## Exercise
Where the line containing "Interpreter is a" appears below, start there and repeat each line exactly to the end. Leave the pictures out.

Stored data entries
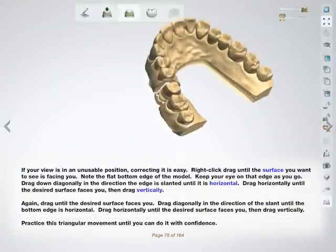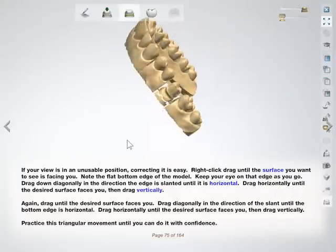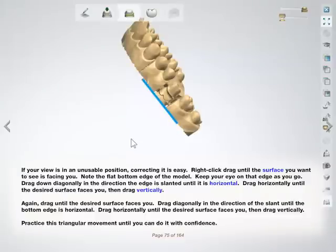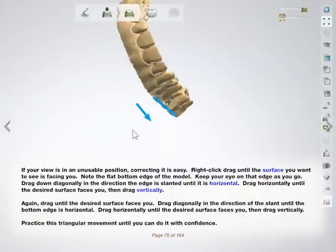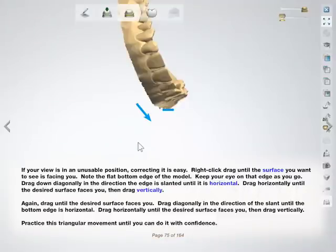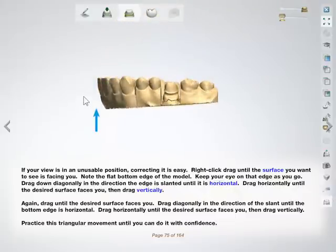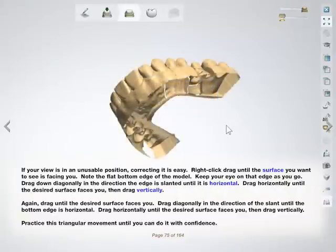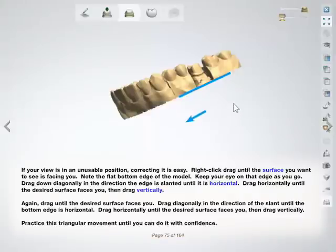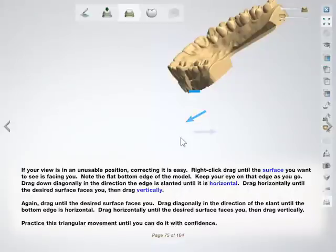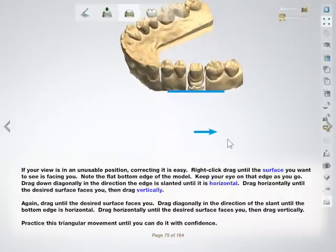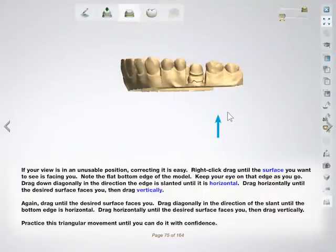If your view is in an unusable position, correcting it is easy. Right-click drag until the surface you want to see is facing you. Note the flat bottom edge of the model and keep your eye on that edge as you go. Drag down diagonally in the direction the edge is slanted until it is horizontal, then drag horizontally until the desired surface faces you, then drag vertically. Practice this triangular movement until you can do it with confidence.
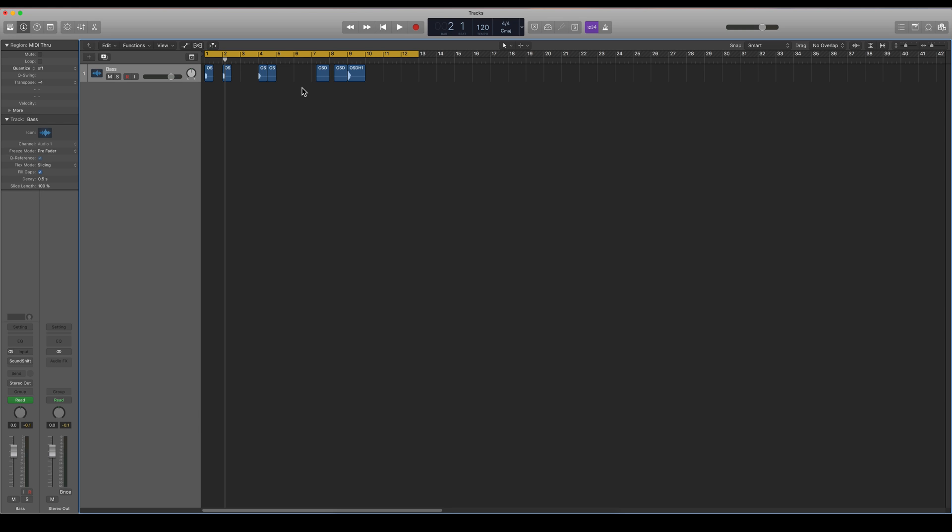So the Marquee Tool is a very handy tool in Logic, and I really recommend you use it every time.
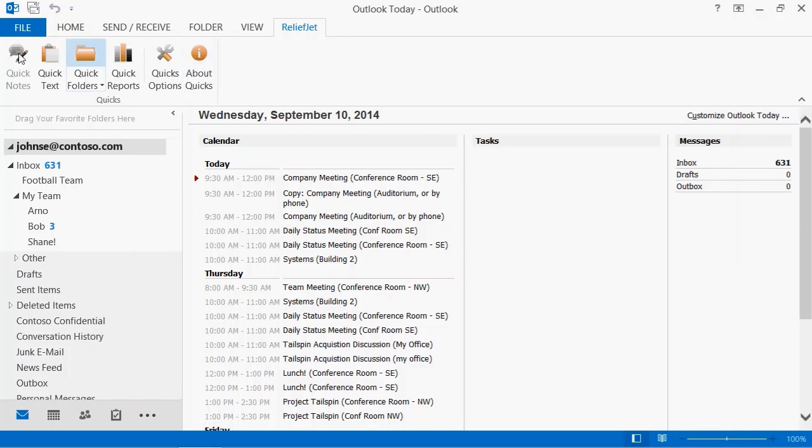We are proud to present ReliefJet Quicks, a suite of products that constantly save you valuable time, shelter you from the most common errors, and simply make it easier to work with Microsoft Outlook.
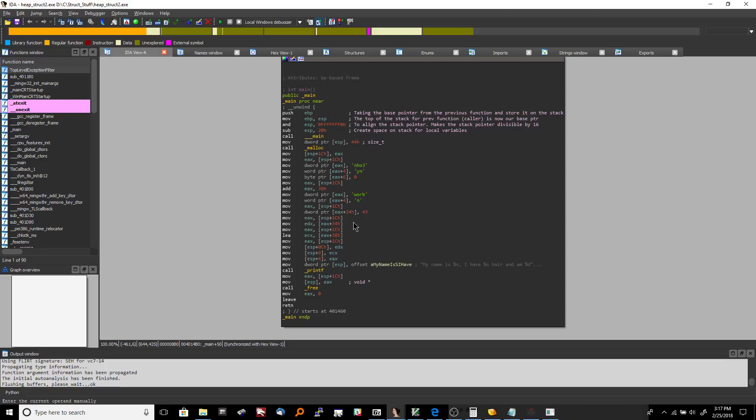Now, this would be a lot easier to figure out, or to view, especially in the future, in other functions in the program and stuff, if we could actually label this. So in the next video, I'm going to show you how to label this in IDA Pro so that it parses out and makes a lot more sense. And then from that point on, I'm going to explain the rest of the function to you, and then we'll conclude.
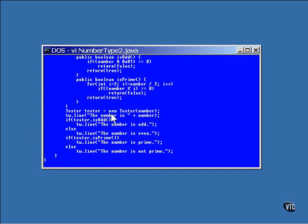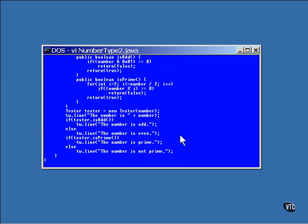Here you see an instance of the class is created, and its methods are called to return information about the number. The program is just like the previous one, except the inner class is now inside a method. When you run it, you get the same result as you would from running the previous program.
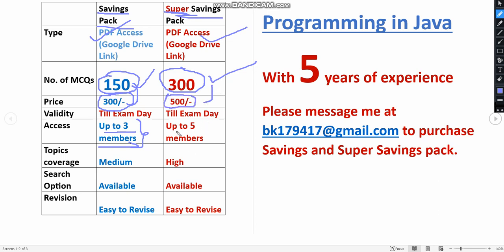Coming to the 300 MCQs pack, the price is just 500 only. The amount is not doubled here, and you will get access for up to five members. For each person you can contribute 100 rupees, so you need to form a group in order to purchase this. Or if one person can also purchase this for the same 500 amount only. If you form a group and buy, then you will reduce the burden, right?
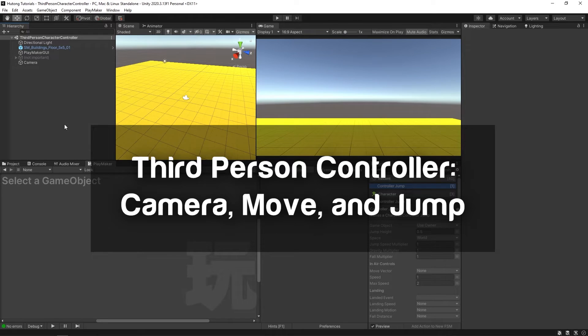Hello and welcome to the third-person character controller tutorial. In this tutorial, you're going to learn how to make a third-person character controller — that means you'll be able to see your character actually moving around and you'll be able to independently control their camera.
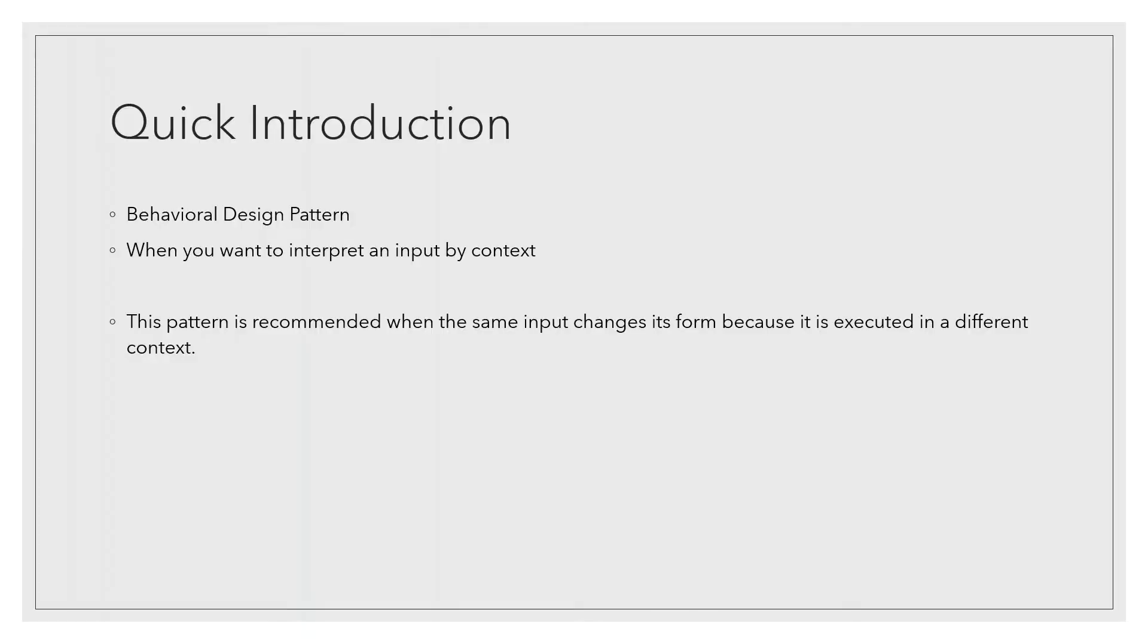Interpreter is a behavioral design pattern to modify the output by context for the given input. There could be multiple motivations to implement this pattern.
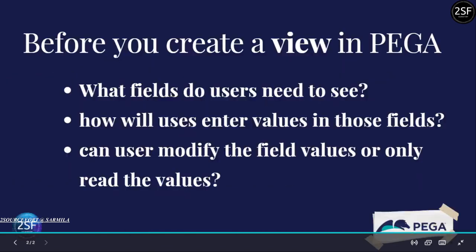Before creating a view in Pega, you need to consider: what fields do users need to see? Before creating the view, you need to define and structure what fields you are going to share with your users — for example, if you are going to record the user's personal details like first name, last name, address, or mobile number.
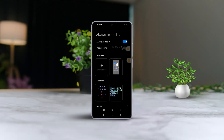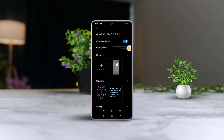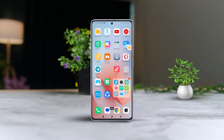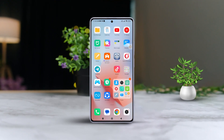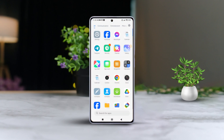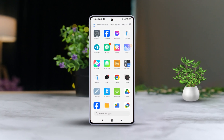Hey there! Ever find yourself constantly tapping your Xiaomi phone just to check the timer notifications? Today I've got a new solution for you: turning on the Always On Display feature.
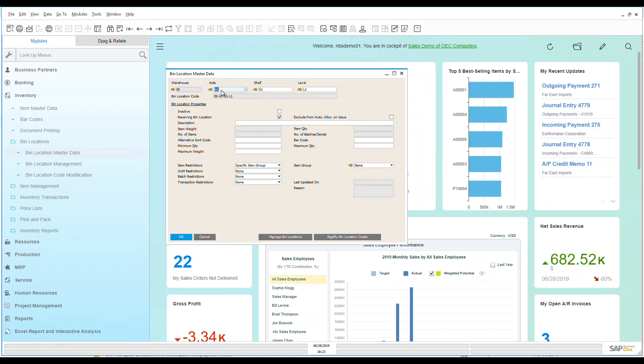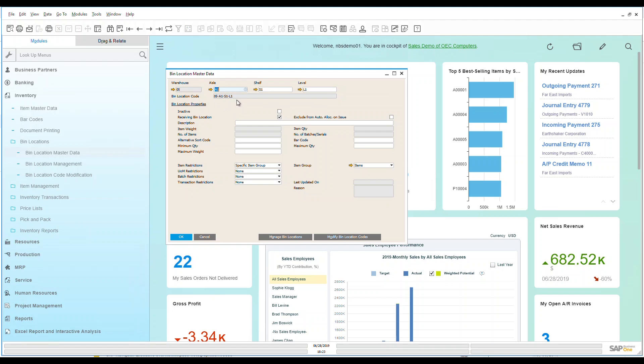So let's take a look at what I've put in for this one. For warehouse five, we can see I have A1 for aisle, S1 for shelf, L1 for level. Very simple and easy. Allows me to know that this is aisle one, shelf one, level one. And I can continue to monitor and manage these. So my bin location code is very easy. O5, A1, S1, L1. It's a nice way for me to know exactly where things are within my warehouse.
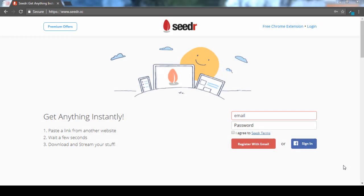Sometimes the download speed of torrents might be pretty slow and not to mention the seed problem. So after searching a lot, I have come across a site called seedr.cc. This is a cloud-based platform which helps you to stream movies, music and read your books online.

## Answer to the problem
Interpreter is a behavioral design pattern to modify the output by context for the given input. There could be multiple motivations to implement this pattern.
Before creating a view in Pega, you need to consider: what fields do users need to see? Before creating the view, you need to define and structure what fields you are going to share with your users — for example, if you are going to record the user's personal details like first name, last name, address, or mobile number.
Hey there! Ever find yourself constantly tapping your Xiaomi phone just to check the timer notifications? Today I've got a new solution for you: turning on the Always On Display feature.
So let's take a look at what I've put in for this one. For warehouse five, we can see I have A1 for aisle, S1 for shelf, L1 for level. Very simple and easy. Allows me to know that this is aisle one, shelf one, level one. And I can continue to monitor and manage these. So my bin location code is very easy. O5, A1, S1, L1. It's a nice way for me to know exactly where things are within my warehouse.
Sometimes the download speed of torrents might be pretty slow and not to mention the seed problem. So after searching a lot, I have come across a site called seedr.cc. This is a cloud-based platform which helps you to stream movies, music and read your books online.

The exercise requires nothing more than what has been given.